A hotelier looking to buy and move the Delta Queen riverboat hotel down to Florida will have to wait until at least the end of the summer.
Unless the New Smyrna Beach, Fla., City Council approves a land lease, Wayne Heller may not even go through with the purchase. Heller signed a letter of intent to buy the Delta Queen, move it and reopen it in New Smyrna Beach last month.
The council decided that before signing an agreement with Heller the land should be put out for bids, a process that will take far longer than Heller's letter of intent to buy is good for.
New Smyrna Beach Mayor Adam Barringer said the city won't make a decision until sometime in August at the earliest, and the project has several hurdles it would need to clear before getting serious consideration.
The Coast Guard, Army Corps of Engineers, Department of Environmental Protection and other agencies need to OK the plan to move the 85-year-old steamboat before it could happen.

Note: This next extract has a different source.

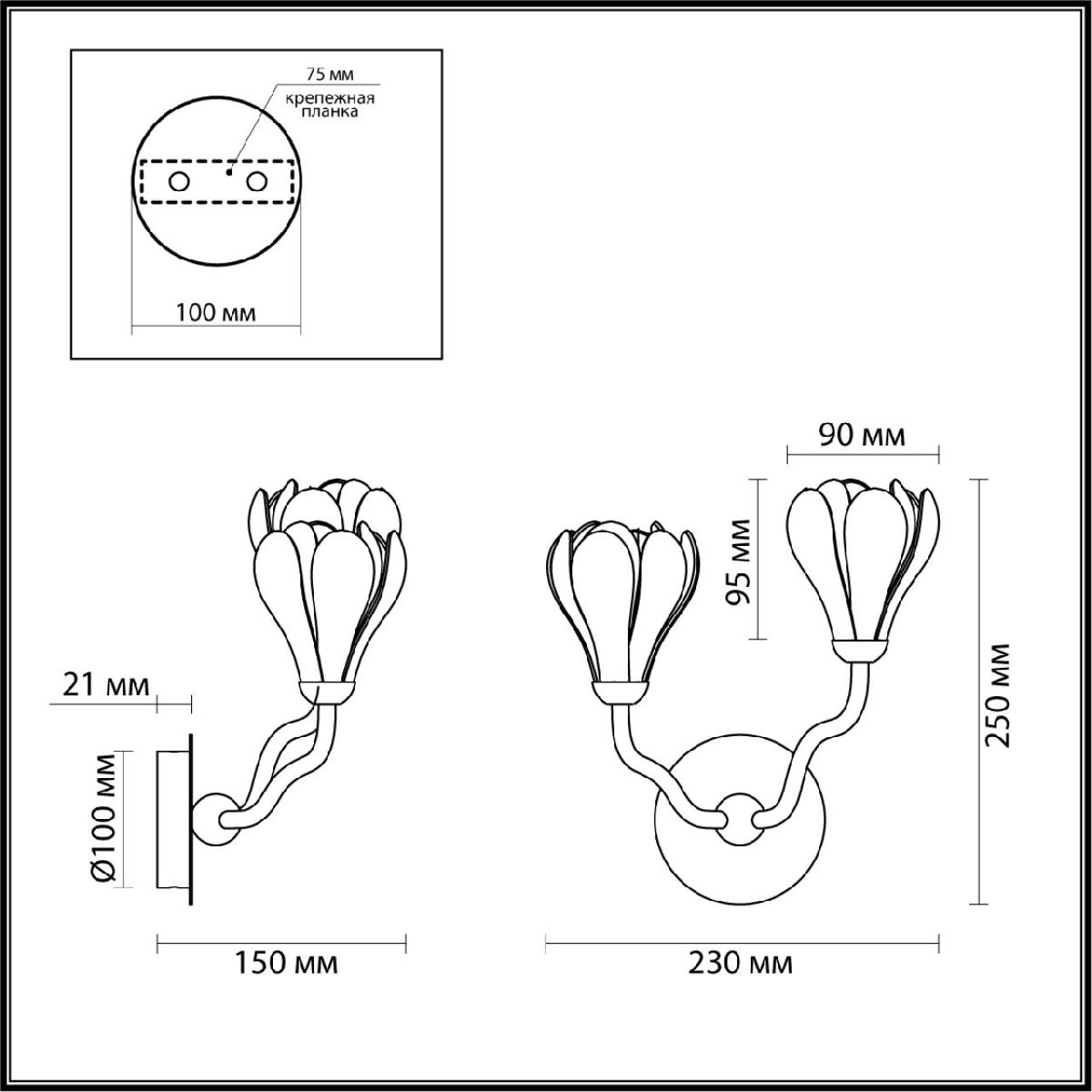 Бра Odeon Light Gardi Modern 5090/2W в Санкт-Петербурге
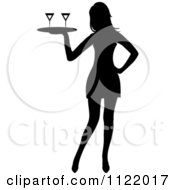 Clipart Of A Silhouetted Cocktail Waitress Carrying A Tray With Beverages Royalty Free Vector Illustration by Pams Clipart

Until then, the New Smyrna Beach Commission will have difficulty approving the floating hotel.
"That's the consensus among the entire commission," Barringer said. "There's a lot of agencies that would have to give this the thumbs-up prior to the city saying we can move forward."
The Delta Queen has had several would-be buyers pull out for one reason or another since the boat was docked at Chattanooga in 2009. Operator Leah Ann Ingram said the boat will stay on the market, but she hopes it can find a permanent home in Chattanooga.
"It's great for the city," she said. "Occupancy's doing really well. On the weekends we're close to being full."
Occupancy rates have seen a "large increase this year," Ingram said, a boost she attributes to extensive marketing.
She expects occupancy to continue to rise into the summer as the Delta Queen launches promotions around its 85th anniversary.
Bob Doak, president and chief executive officer of the Chattanooga Convention and Visitors Bureau, said the boat is a great tourist attraction for the city.
"It animates our waterfront," he said. "It's unique, and to be competitive, you've got to differentiate yourself from your competitors. This adds to our unique mix as a city."